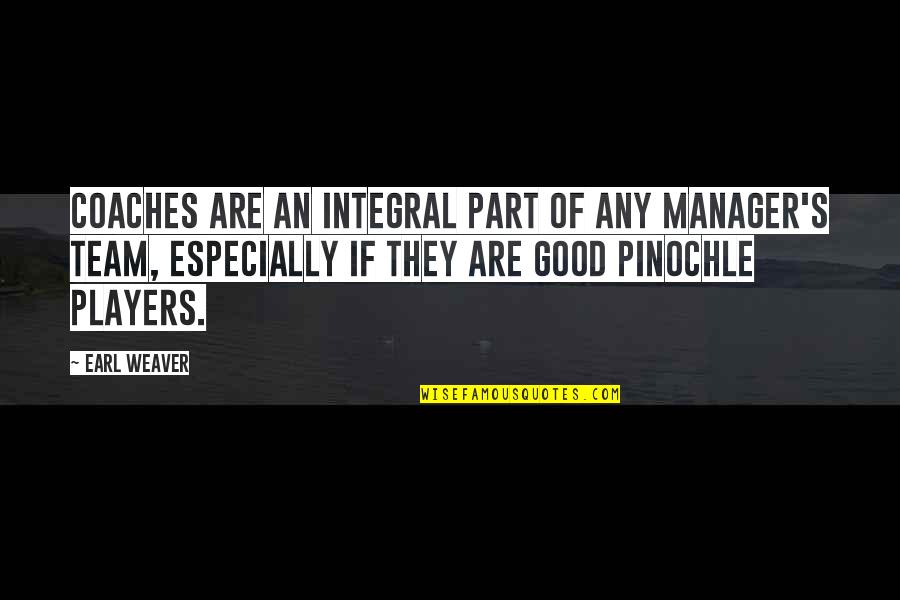 Best Coaches Quotes By Earl Weaver: Coaches are an integral part of any manager's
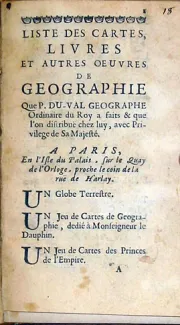 Liste Des Cartes, Livres Et Autres Oeuvres De Geographie Que P. Du-Val...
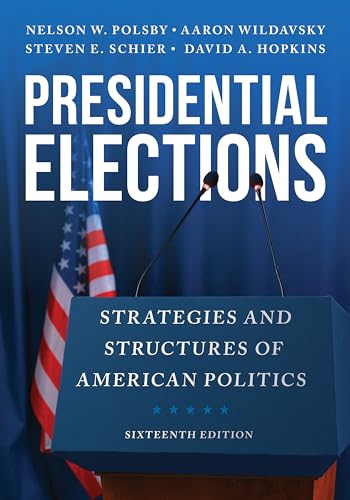 Presidential Elections: Strategies and Structures of American Politics von Rowman & Littlefield Publishers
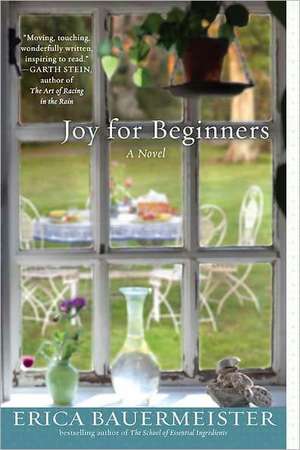 Joy for Beginners de Erica Bauermeister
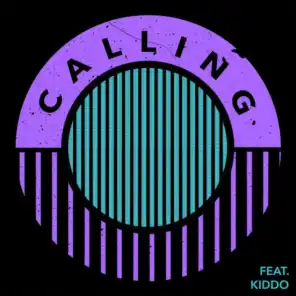 Calling (feat. KIDDO)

> Problem requirements:
Quote the entries above word for word. Leave the images out.

> Output for this task:
 Best Coaches Quotes By Earl Weaver: Coaches are an integral part of any manager's
 Liste Des Cartes, Livres Et Autres Oeuvres De Geographie Que P. Du-Val...
 Presidential Elections: Strategies and Structures of American Politics von Rowman & Littlefield Publishers
 Joy for Beginners de Erica Bauermeister
 Calling (feat. KIDDO)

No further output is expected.